They were not the only women during the ’60s blind to the realities of what was around them. In 1961, 95 percent of American women said they saw themselves having careers once they’d finished school. Yet Betty Friedan’s book The Feminine Mystique, which came out in 1963, documented how after the war, in a backlash against Rosie the Riveter’s triumphs, educated women were expected to find fulfillment not in work but in a mythologized ideal of four children, two cars, one white picket fence, and weekly PTA meetings. The first female vice president of a Chicago department store, when asked about the odds for women like herself, sarcastically remarked, “A woman who is determined to play a game so fixed, had better be prepared to look like a girl, act like a lady, think like a man, and work like a dog.” In 1966, Newsweek referred to a recent survey of businessmen who’d been asked if they would work for a woman: almost all found the idea “flatly repellent.”

This attitude was largely shared at HBS. Even so, there were “good guys” among the male student body—“allies” in today’s vernacular—as there were professors who were more awkward than antagonistic. One exasperated female student finally took her professor aside and asked why he wouldn’t call on her. He replied that he wasn’t sure she wanted to be called on, to which she replied that if she had her hand up, and was waving it frantically, it meant she did. Another professor asked a married woman with several children to leave the classroom because he was about to show photographs (presumably of naked women) related to their discussion about the Playboy Club. One finance professor unfailingly referred to a female student as “Mr.”—and could never meet her eye.

Most of the women’s living arrangements made their distance from the professors and male classmates more than metaphoric, sequestered as they were with other female graduate students at the Radcliffe Graduate Center, situated far from the business school campus. The distance mattered, especially on cold winter nights when, having to cross the bridge, the wind off the Charles River felt like an angry slap to the face.

No one, not in the Dean’s Office or anywhere else, considered the HBS women’s safety or comfort as they commuted between the two campuses, often late at night. No shuttle bus was offered. Dressed for class in business attire, wool dresses, they carried their stockings and heels to the HBS campus, where there was only one ladies’ room in which to change.

The men’s proximity to the school’s amenities and to one another meant they could form study groups to lighten their workload. Presented with two to three case studies a night, students were expected to formulate strategies and solutions they’d be called on to discuss in class the following day. It was an impossible task unless divvied up. The women, absent from campus, were excluded and foolishly took the advice of the administration, which warned against students from different learning cohorts creating study groups.

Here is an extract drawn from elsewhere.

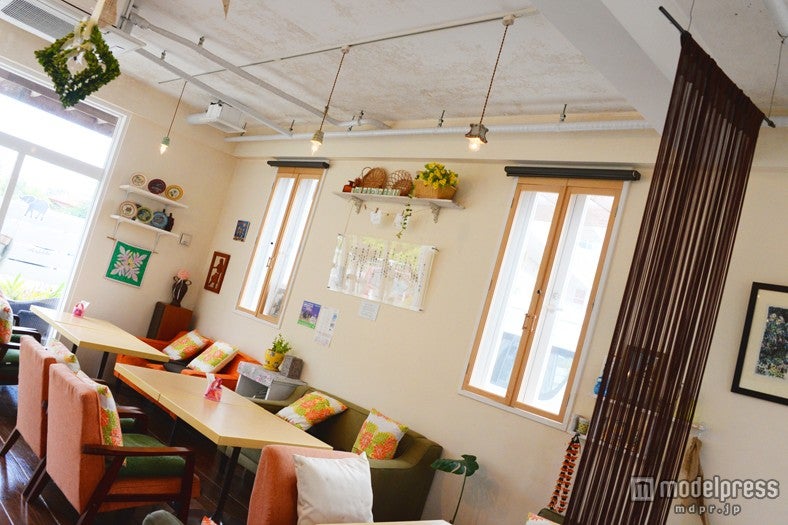 ハワイアンガーリーなインテリア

The isolation could be as numbing as the blasts from the Charles River: Jane Lack walked into class on her first day and sat down, but as the men streamed in, she noticed that none of them were willing to sit next to her—nor beside her or even in front or behind her. She sat there like a pariah, never having felt such aloneness. Looking back on her section, Roberta Lasley, the daughter of the single mother who worked as a janitor, concluded that “some of them were nice, and some of them were jerks, and some of them were smarter than I was, and a lot of them were dumber than I was. And like really arrogant.”

One of the major features of the Harvard Business School experience was the WAC—the written analysis of cases. On Fridays, students received an extra case study for which they had to submit an extensive written analysis, alongside charts and graphs, to be deposited on Saturday into a special door slot by a fixed time, after which the bin below the slot was removed and late WACs would merely thump to the floor and be marked as zero. With no calculators in those days, the analysis was painstakingly computed with the help of slide rules and typed up on old-fashioned typewriters with finicky, spooled-ink ribbons. The women on the other side of the river not only had to get theirs to the chute on time but factor in the travel there, sometimes with traffic and crowds streaming across the bridge for a Saturday football game. It was literally as if they were pushing against the current.

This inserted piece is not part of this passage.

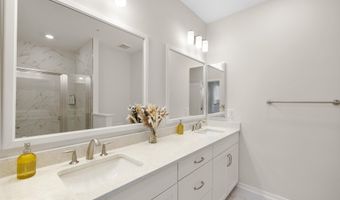 23158 HORSESHOE TRAIL Sq, Brambleton, VA 20148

If the isolation were not enough, the women were constantly being told they were taking a man’s place. Their classmates told them, unabashedly, that men, as breadwinners, as family providers, were more deserving of a spot at HBS. Even as some of the men got to know their female classmates, and liked them, they could not wrap their minds around why these women were there. The 1950s had come to an end, yet the decade’s cultural tentacles were still tightly curled around them. After World War II, the American business-man had become a new kind of symbol for America’s postwar success. Unlike before the war, he was now more likely to hold a college degree, and his “rough” work schedule (fifty-three to sixty-two hours per week—downright leisurely by today’s standards) was equated with a sort of virile endurance. A 1955 Fortune article described a typical day for the businessman: he got up at 7 a.m., ate a large breakfast, arrived at work at 9 a.m., left the office at 6 p.m., rushed home, and ate dinner before settling into bed with work he’d brought home.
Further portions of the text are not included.